What you will do: Transcribe exactly the lines below that begin at the line with "Chinese astronauts return" and stop after the line with "VOLKSWAGEN Transporter /", leaving out every picture.

Exercise input:
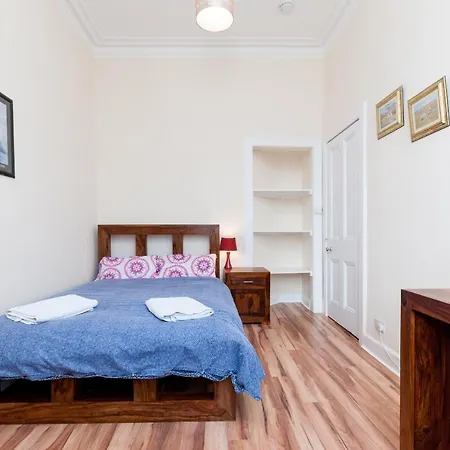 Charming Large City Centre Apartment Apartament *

...

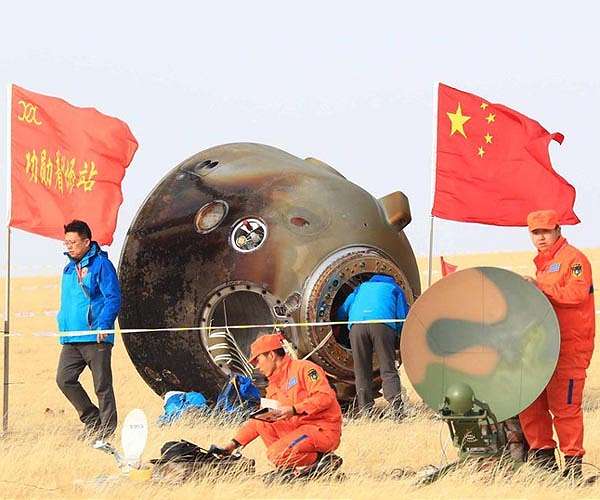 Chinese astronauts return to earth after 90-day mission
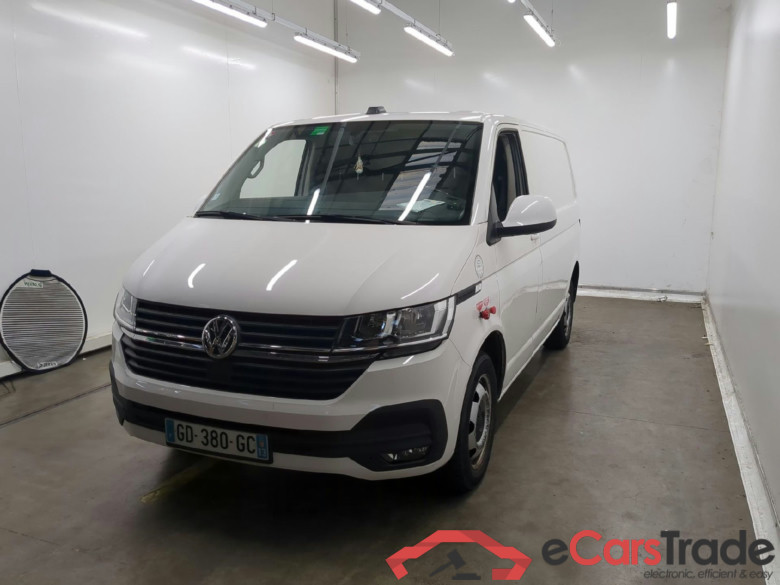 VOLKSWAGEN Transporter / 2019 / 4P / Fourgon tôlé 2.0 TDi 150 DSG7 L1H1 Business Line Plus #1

Exercise solution:
 Chinese astronauts return to earth after 90-day mission
 VOLKSWAGEN Transporter / 2019 / 4P / Fourgon tôlé 2.0 TDi 150 DSG7 L1H1 Business Line Plus #1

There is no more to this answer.